→ **WHAT YOU SHOULD DO**
Below are records that contain pictures; transcribe the text exactly and omit the pictures.

→ **DATASET CONTENT**
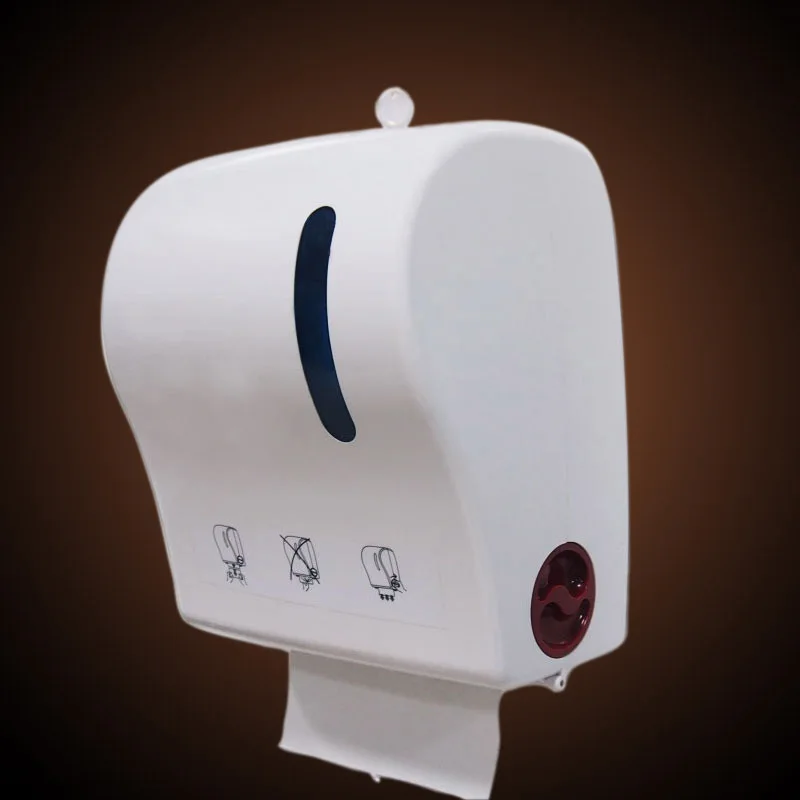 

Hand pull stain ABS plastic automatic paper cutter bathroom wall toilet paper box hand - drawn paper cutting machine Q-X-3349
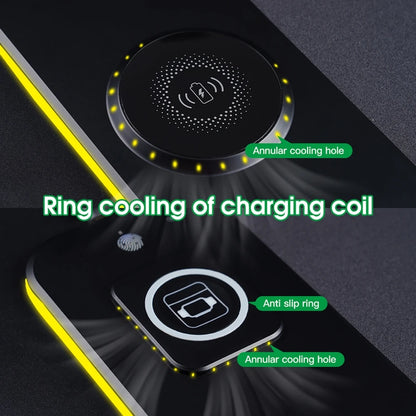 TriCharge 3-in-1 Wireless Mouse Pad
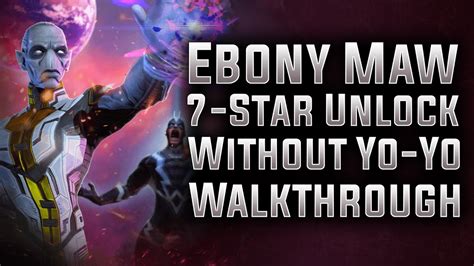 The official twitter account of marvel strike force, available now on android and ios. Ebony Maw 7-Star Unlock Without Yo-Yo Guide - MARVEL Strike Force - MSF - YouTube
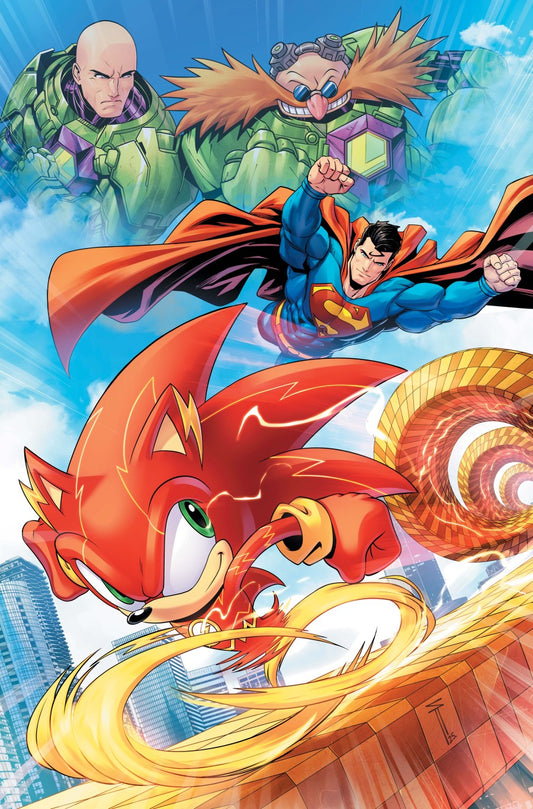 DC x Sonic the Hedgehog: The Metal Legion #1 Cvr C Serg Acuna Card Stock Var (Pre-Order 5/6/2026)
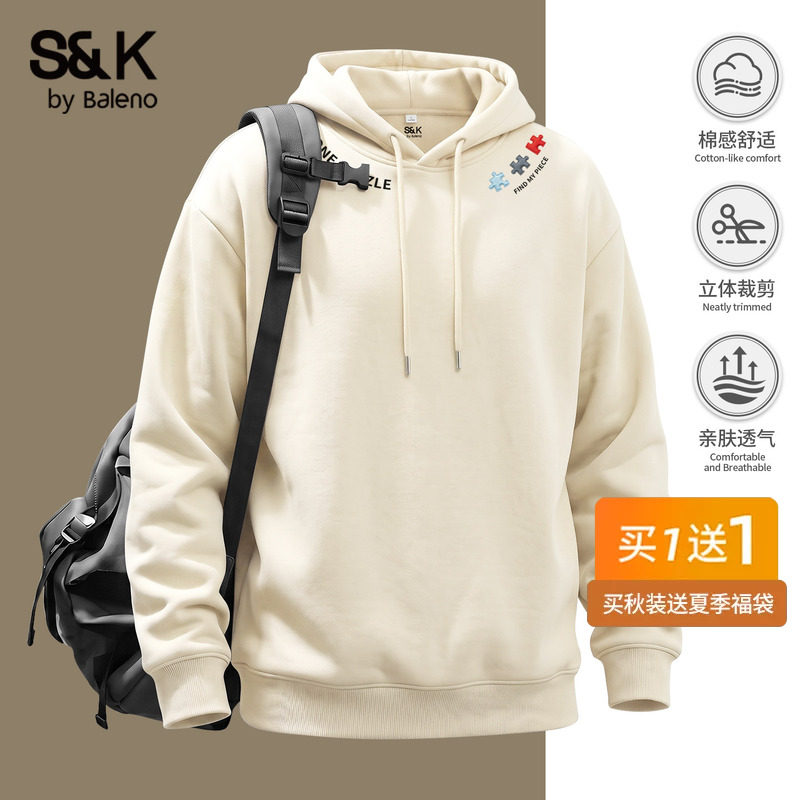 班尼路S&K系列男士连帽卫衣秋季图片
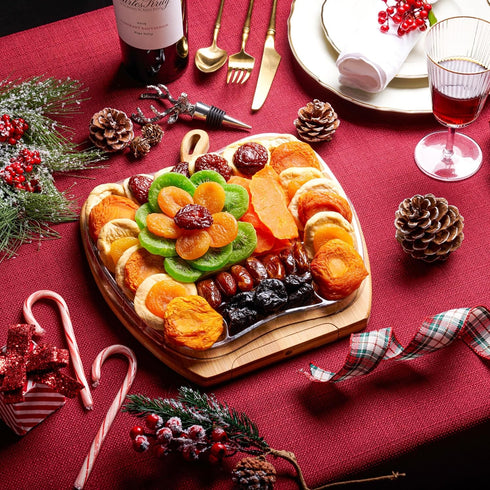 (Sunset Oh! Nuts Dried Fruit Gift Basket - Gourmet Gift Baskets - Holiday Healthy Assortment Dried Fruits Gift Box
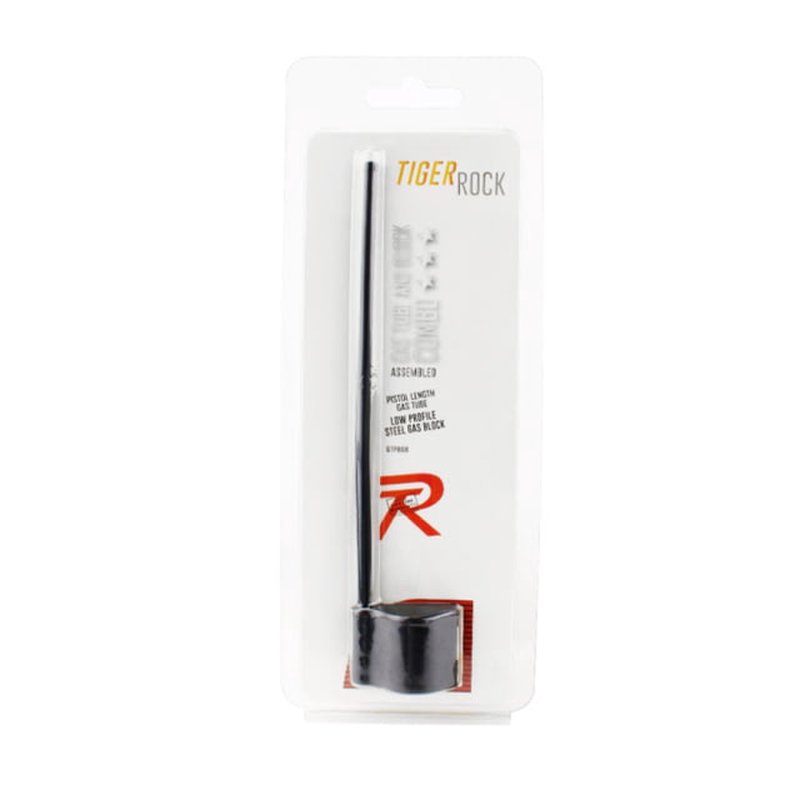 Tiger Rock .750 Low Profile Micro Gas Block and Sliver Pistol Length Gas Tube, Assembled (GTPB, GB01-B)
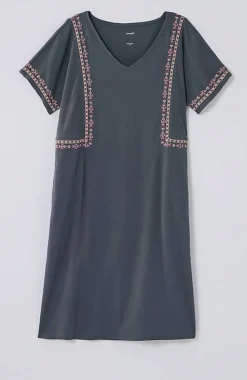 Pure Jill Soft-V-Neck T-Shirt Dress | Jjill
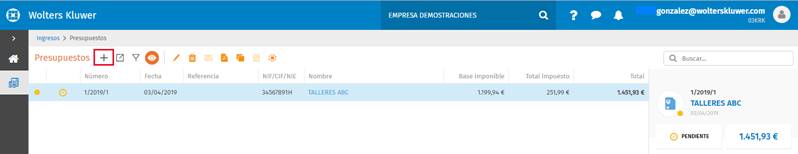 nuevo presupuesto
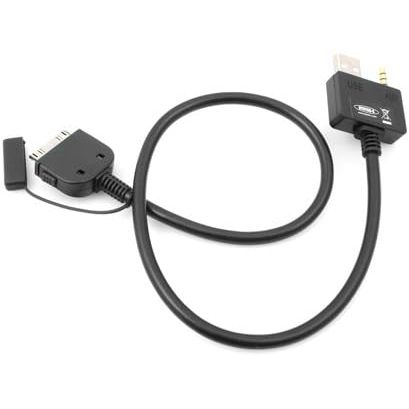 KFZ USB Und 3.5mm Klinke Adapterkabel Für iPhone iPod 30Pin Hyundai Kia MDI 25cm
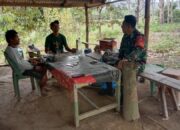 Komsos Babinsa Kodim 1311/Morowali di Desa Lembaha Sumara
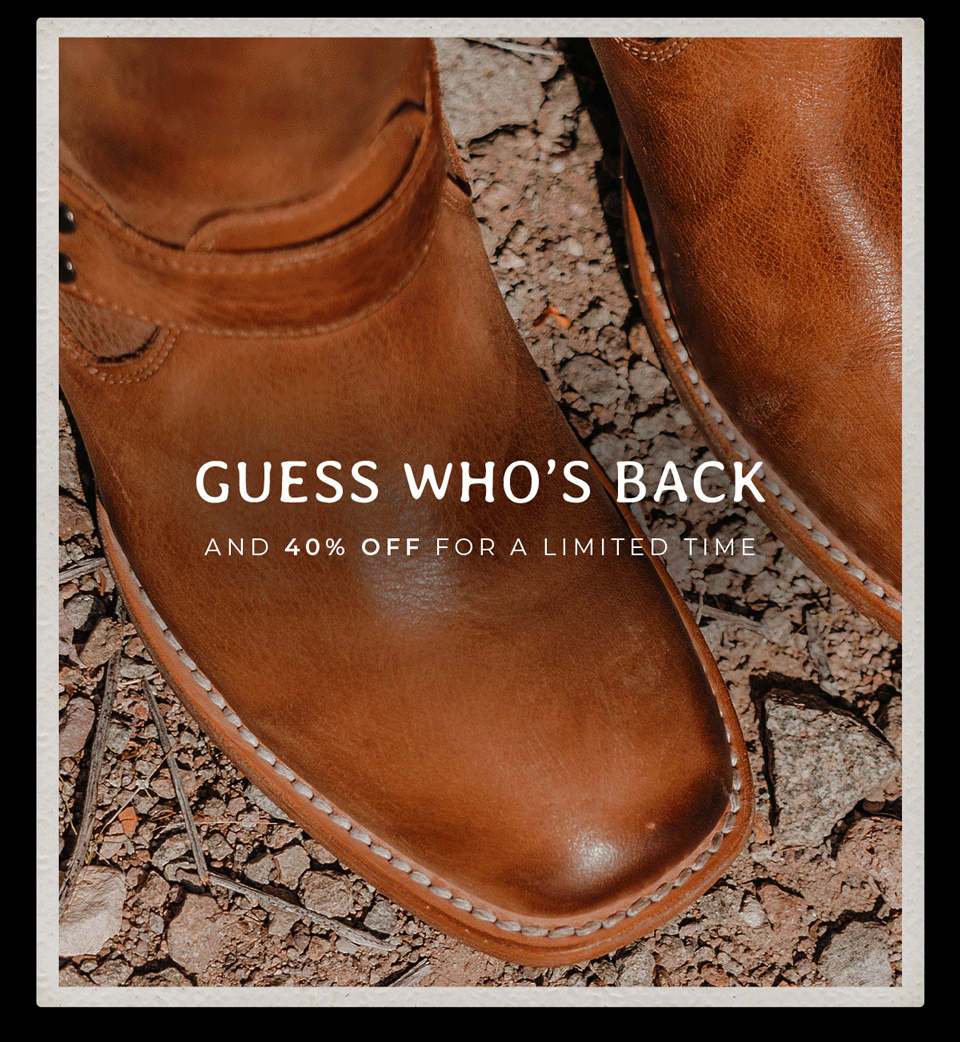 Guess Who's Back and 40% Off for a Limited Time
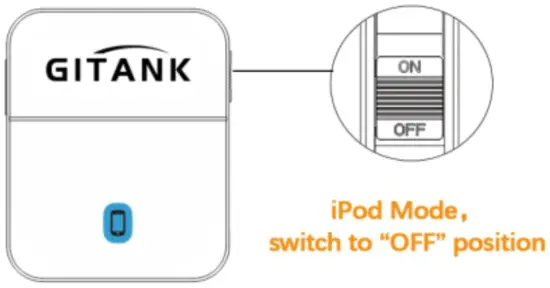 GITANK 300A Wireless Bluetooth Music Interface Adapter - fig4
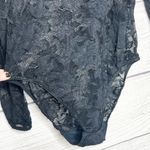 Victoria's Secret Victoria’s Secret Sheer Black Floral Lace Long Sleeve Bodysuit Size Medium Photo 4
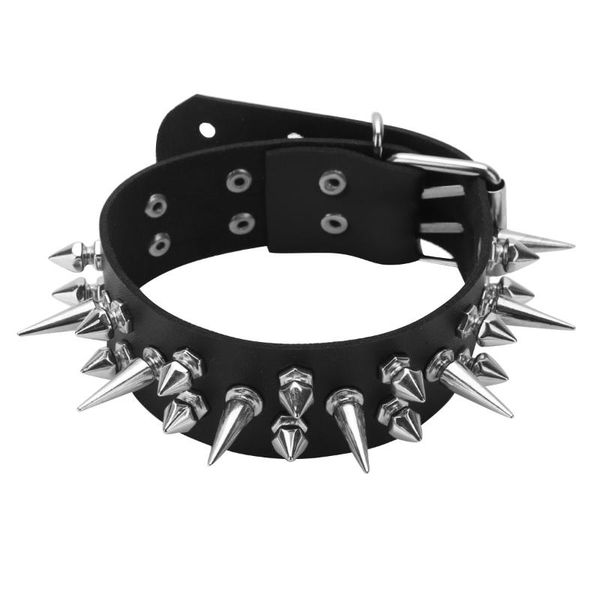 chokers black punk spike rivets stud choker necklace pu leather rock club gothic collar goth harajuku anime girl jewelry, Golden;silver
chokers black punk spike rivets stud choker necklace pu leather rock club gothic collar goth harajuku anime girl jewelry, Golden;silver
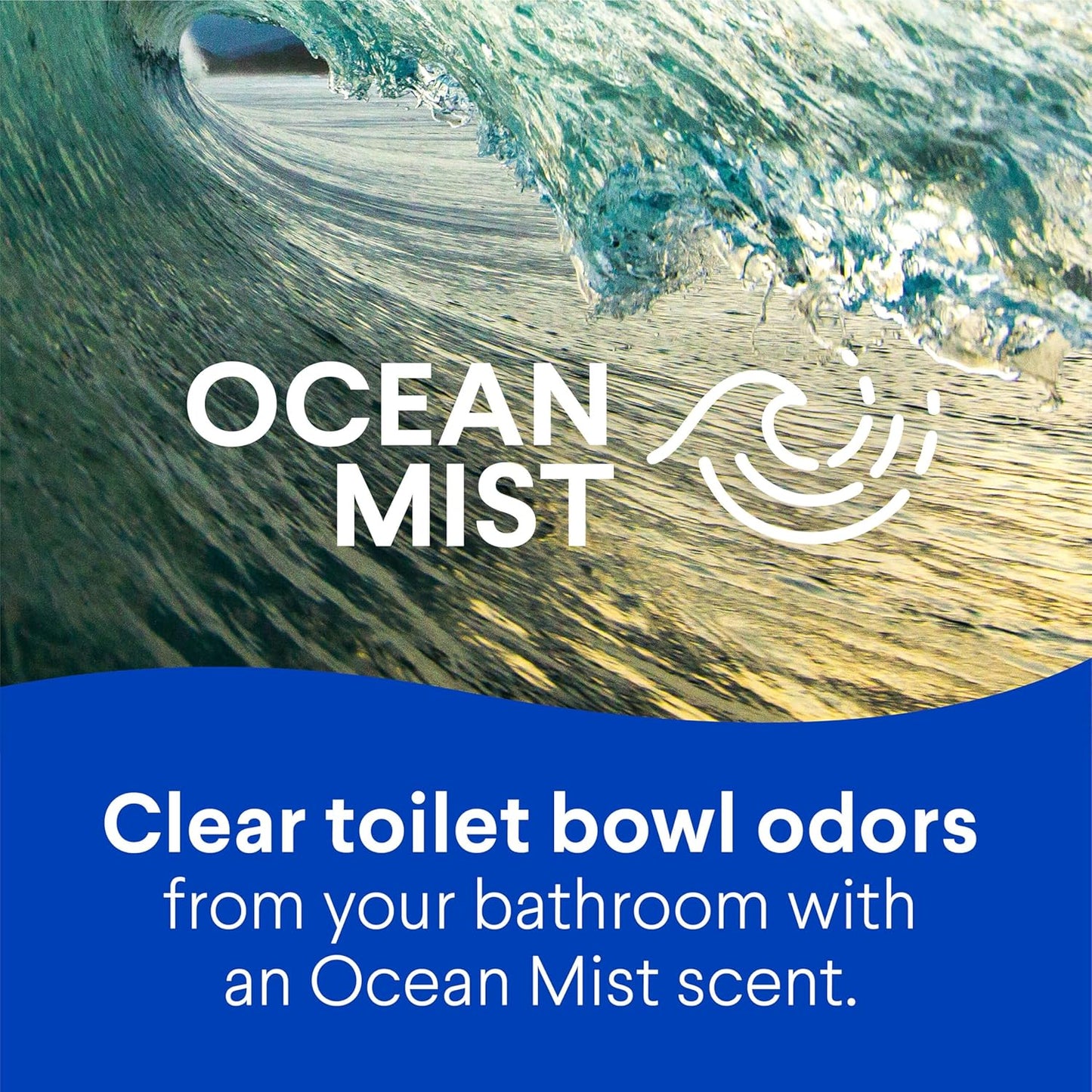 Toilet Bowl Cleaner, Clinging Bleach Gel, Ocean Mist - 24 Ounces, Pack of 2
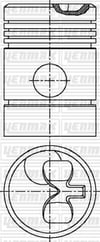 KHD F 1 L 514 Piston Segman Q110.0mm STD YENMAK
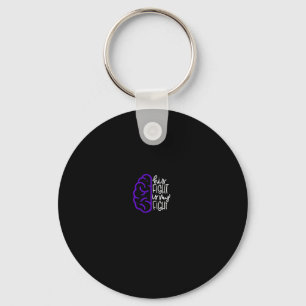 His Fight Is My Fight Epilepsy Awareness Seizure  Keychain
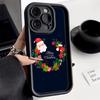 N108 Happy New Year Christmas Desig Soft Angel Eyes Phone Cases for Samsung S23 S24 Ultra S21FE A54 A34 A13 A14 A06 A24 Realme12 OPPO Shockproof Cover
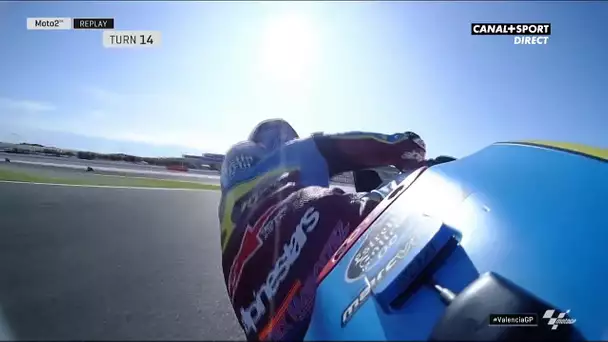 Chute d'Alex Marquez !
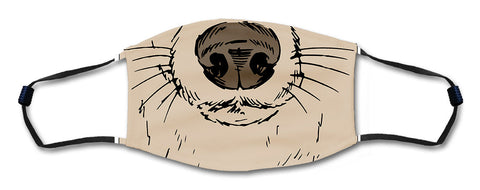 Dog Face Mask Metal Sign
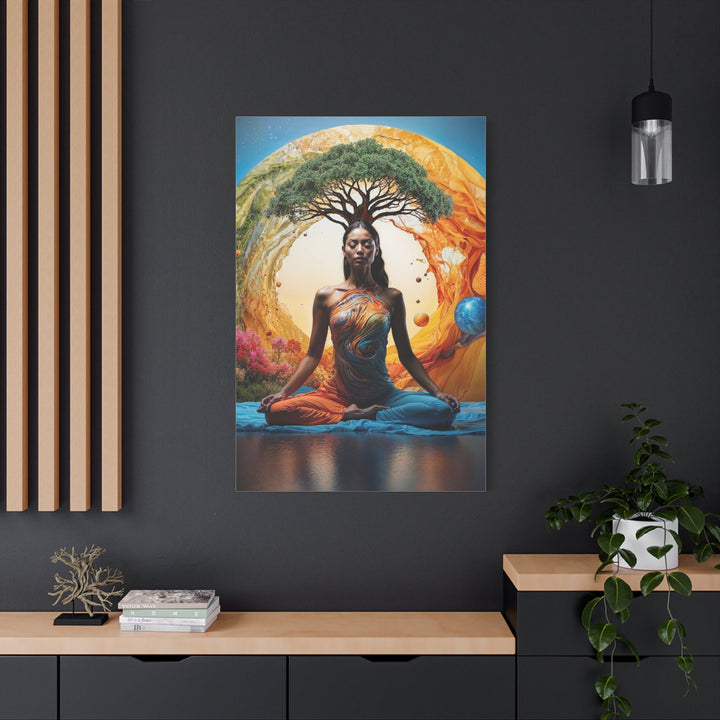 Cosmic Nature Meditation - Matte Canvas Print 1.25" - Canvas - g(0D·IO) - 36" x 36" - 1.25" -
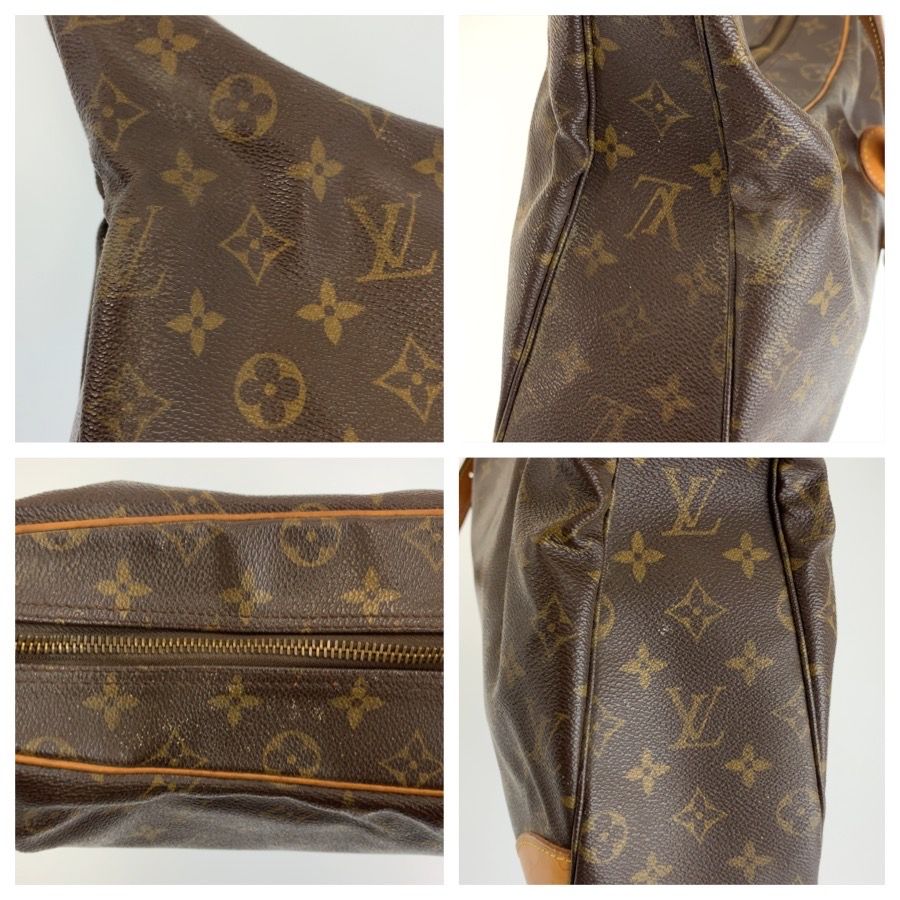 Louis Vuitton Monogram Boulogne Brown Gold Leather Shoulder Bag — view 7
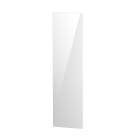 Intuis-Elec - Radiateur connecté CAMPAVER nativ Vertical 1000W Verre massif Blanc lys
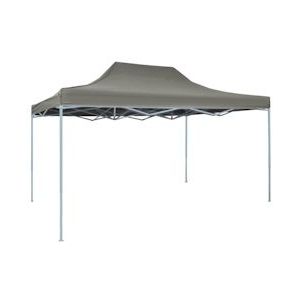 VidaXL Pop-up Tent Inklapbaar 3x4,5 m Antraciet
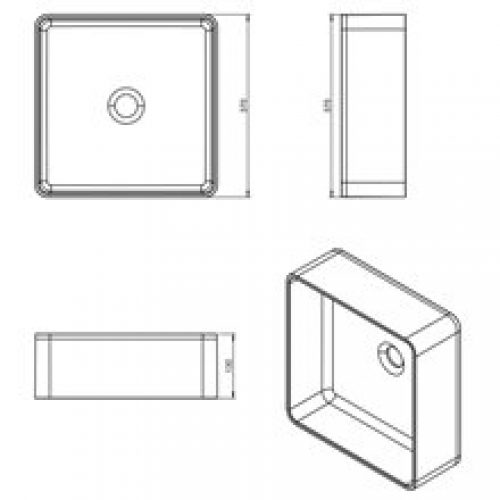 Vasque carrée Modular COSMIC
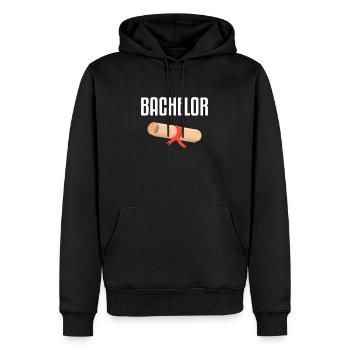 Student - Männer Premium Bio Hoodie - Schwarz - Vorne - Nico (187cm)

→ **ANSWER TO THE PROBLEM**
Hand pull stain ABS plastic automatic paper cutter bathroom wall toilet paper box hand - drawn paper cutting machine Q-X-3349
 TriCharge 3-in-1 Wireless Mouse Pad
 The official twitter account of marvel strike force, available now on android and ios. Ebony Maw 7-Star Unlock Without Yo-Yo Guide - MARVEL Strike Force - MSF - YouTube
 DC x Sonic the Hedgehog: The Metal Legion #1 Cvr C Serg Acuna Card Stock Var (Pre-Order 5/6/2026)
 班尼路S&K系列男士连帽卫衣秋季图片
 (Sunset Oh! Nuts Dried Fruit Gift Basket - Gourmet Gift Baskets - Holiday Healthy Assortment Dried Fruits Gift Box
 Tiger Rock .750 Low Profile Micro Gas Block and Sliver Pistol Length Gas Tube, Assembled (GTPB, GB01-B)
 Pure Jill Soft-V-Neck T-Shirt Dress | Jjill
 nuevo presupuesto
 KFZ USB Und 3.5mm Klinke Adapterkabel Für iPhone iPod 30Pin Hyundai Kia MDI 25cm
 Komsos Babinsa Kodim 1311/Morowali di Desa Lembaha Sumara
 Guess Who's Back and 40% Off for a Limited Time
 GITANK 300A Wireless Bluetooth Music Interface Adapter - fig4
 Victoria's Secret Victoria’s Secret Sheer Black Floral Lace Long Sleeve Bodysuit Size Medium Photo 4
 chokers black punk spike rivets stud choker necklace pu leather rock club gothic collar goth harajuku anime girl jewelry, Golden;silver
chokers black punk spike rivets stud choker necklace pu leather rock club gothic collar goth harajuku anime girl jewelry, Golden;silver
 Toilet Bowl Cleaner, Clinging Bleach Gel, Ocean Mist - 24 Ounces, Pack of 2
 KHD F 1 L 514 Piston Segman Q110.0mm STD YENMAK
 His Fight Is My Fight Epilepsy Awareness Seizure  Keychain
 N108 Happy New Year Christmas Desig Soft Angel Eyes Phone Cases for Samsung S23 S24 Ultra S21FE A54 A34 A13 A14 A06 A24 Realme12 OPPO Shockproof Cover
 Chute d'Alex Marquez !
 Dog Face Mask Metal Sign
 Cosmic Nature Meditation - Matte Canvas Print 1.25" - Canvas - g(0D·IO) - 36" x 36" - 1.25" -
 Louis Vuitton Monogram Boulogne Brown Gold Leather Shoulder Bag — view 7
 Intuis-Elec - Radiateur connecté CAMPAVER nativ Vertical 1000W Verre massif Blanc lys
 VidaXL Pop-up Tent Inklapbaar 3x4,5 m Antraciet
 Vasque carrée Modular COSMIC
 Student - Männer Premium Bio Hoodie - Schwarz - Vorne - Nico (187cm)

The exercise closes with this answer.